What is required>
Leave the pictures out and quote only the lines from the one with "Magic Shield Graphene" down to the end of the listing below.

Input for this task Block Start

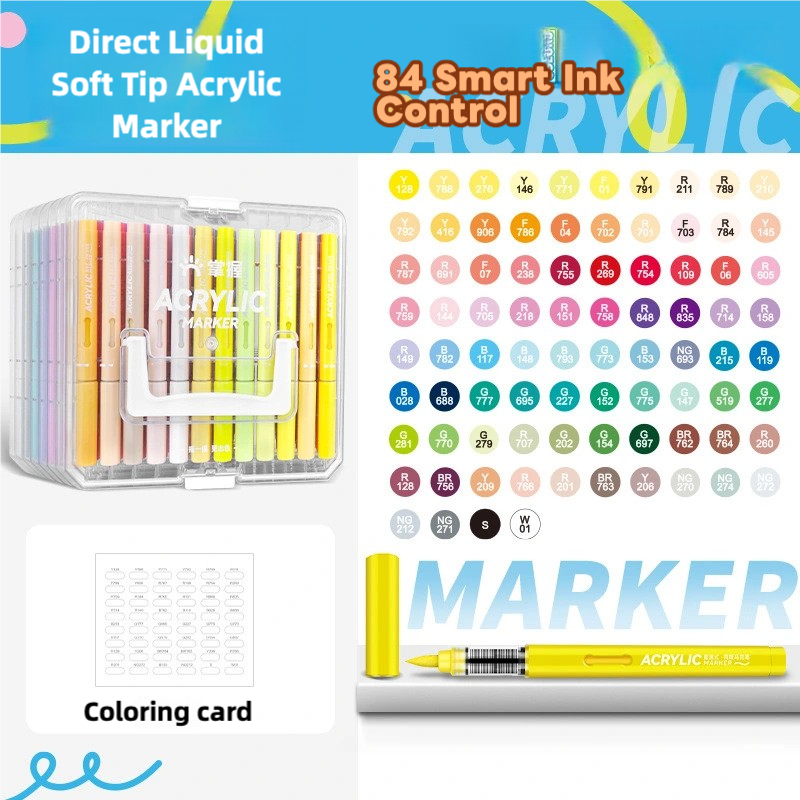 Multi-functional marker (can draw on any material) waterproof and colorfast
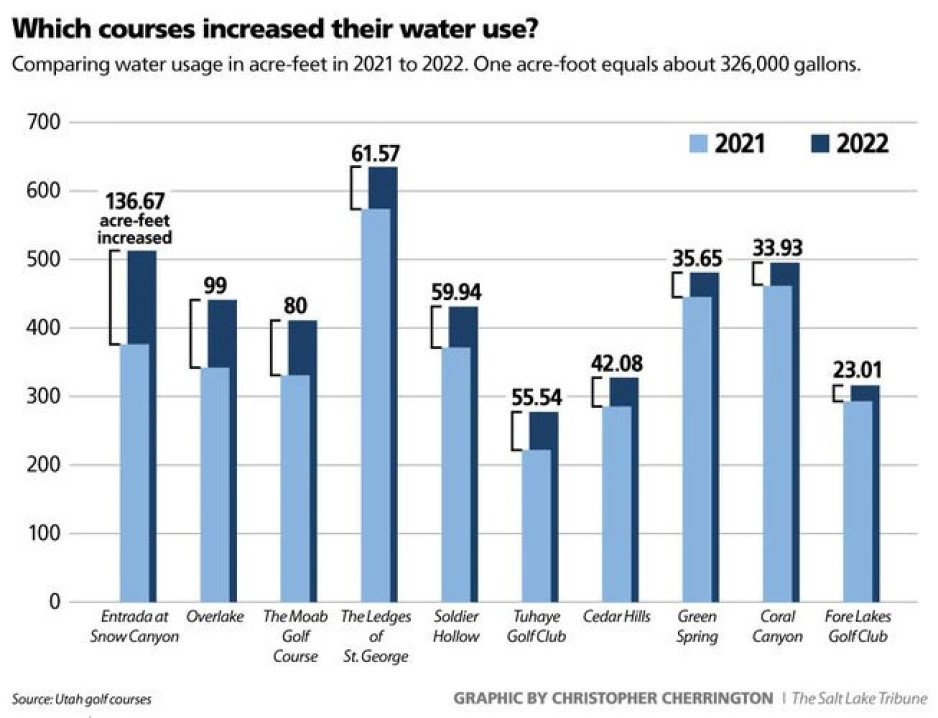 which courses increased use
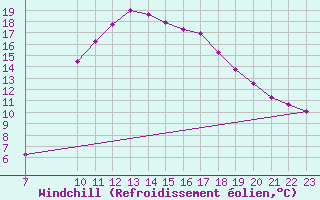 Courbe du refroidissement olien pour Les Pennes-Mirabeau (13)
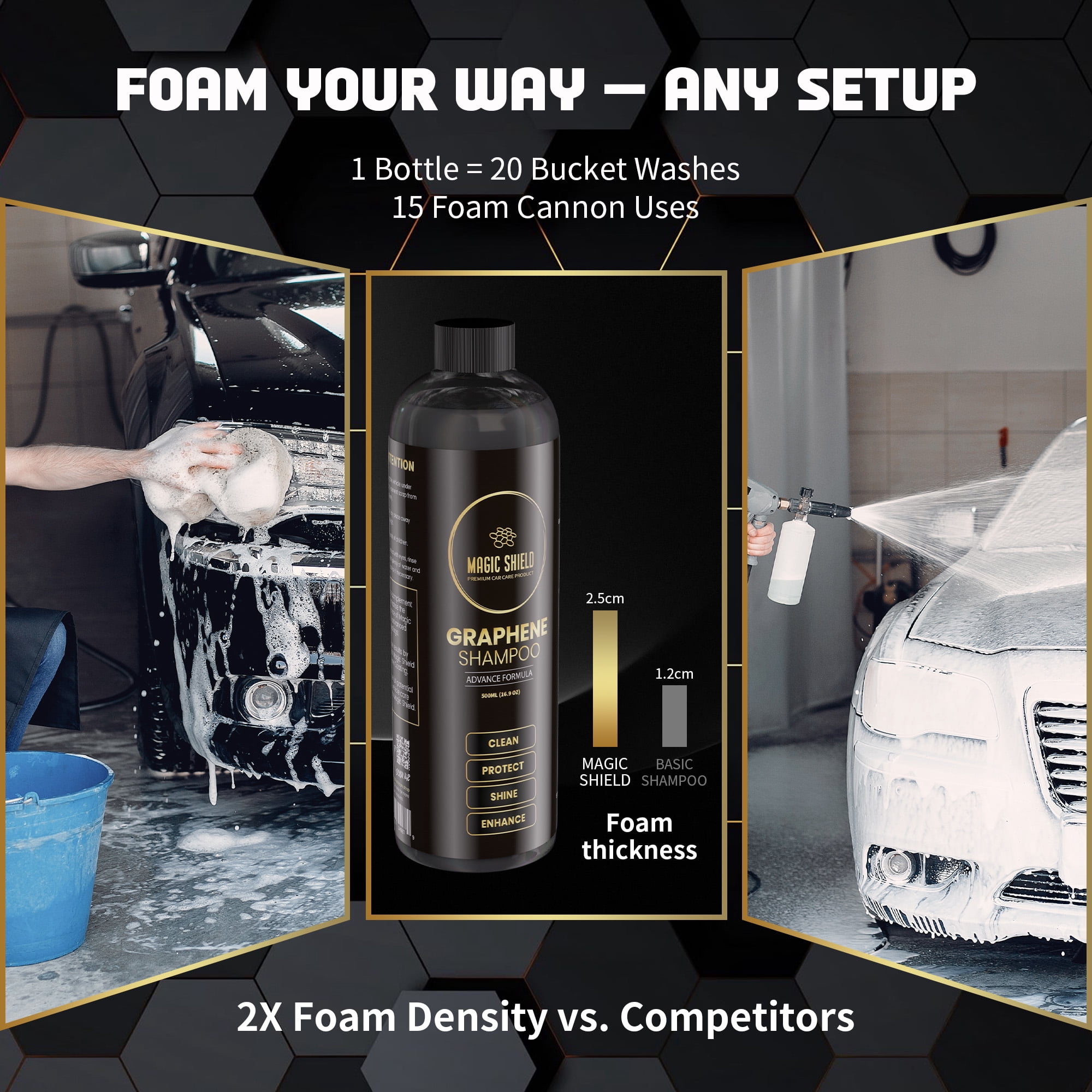 Magic Shield Graphene Shampoo – pH Neutral Car Wash | Advanced Hydrophobic & SiO2 Protection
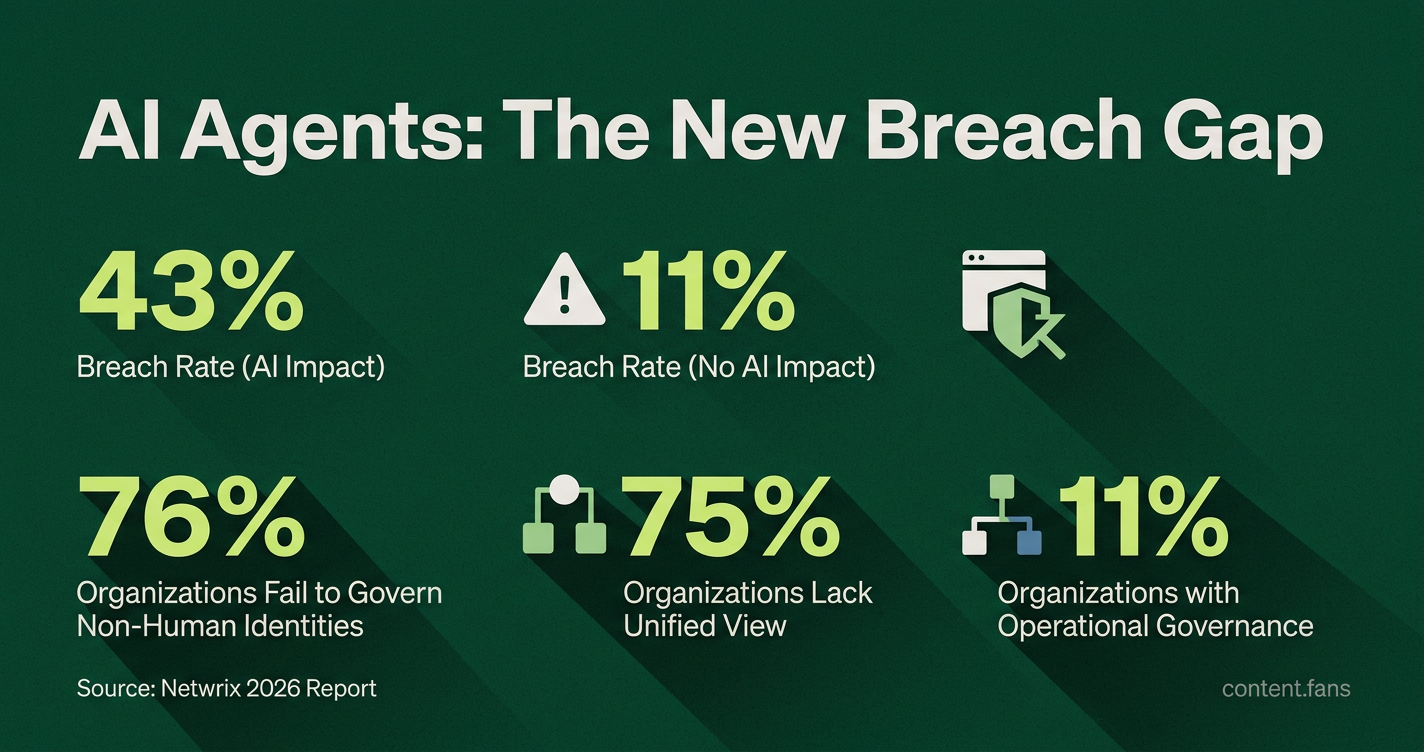 Key Statistics
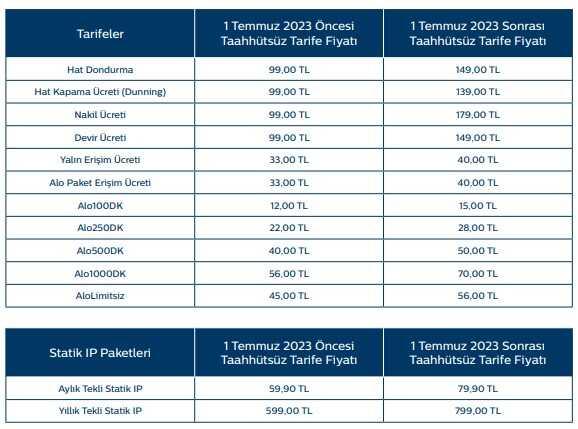 Türk Telekom'dan yüzde 38'e varan zam kararı Türk Telekom'dan yüzde 38'e varan zam kararı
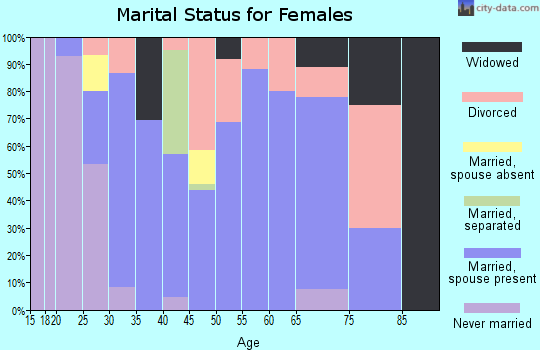 Zip code 74062 marital status for females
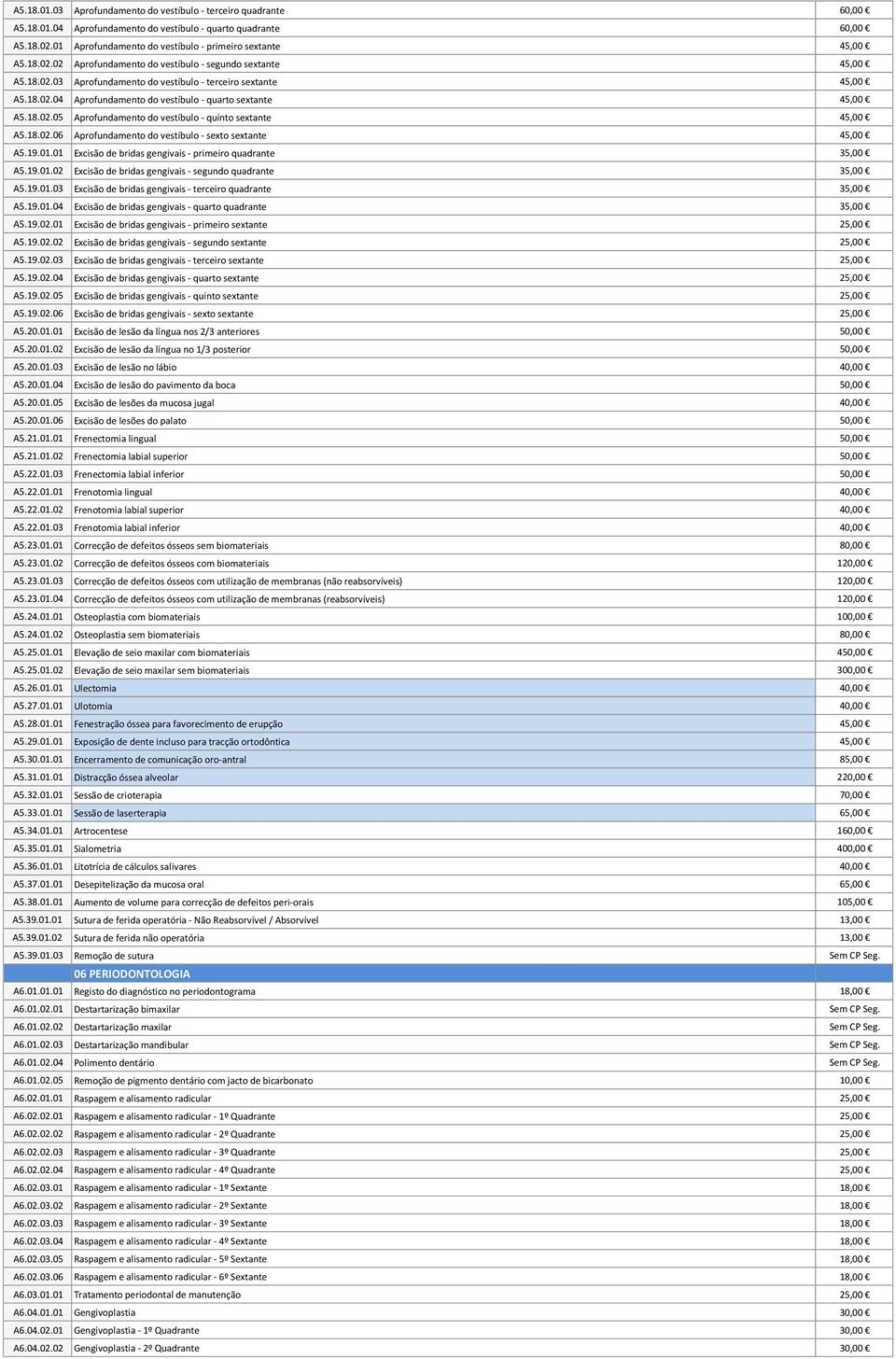 18.02.05 Aprofundamento do vestíbulo - quinto sextante 45,00 A5.18.02.06 Aprofundamento do vestíbulo - sexto sextante 45,00 A5.19.01.01 Excisão de bridas gengivais - primeiro quadrante 35,00 A5.19.01.02 Excisão de bridas gengivais - segundo quadrante 35,00 A5.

Input for this task Block End

Answer to the problem>
 Magic Shield Graphene Shampoo – pH Neutral Car Wash | Advanced Hydrophobic & SiO2 Protection
 Key Statistics
 Türk Telekom'dan yüzde 38'e varan zam kararı Türk Telekom'dan yüzde 38'e varan zam kararı
 Zip code 74062 marital status for females
 18.02.05 Aprofundamento do vestíbulo - quinto sextante 45,00 A5.18.02.06 Aprofundamento do vestíbulo - sexto sextante 45,00 A5.19.01.01 Excisão de bridas gengivais - primeiro quadrante 35,00 A5.19.01.02 Excisão de bridas gengivais - segundo quadrante 35,00 A5.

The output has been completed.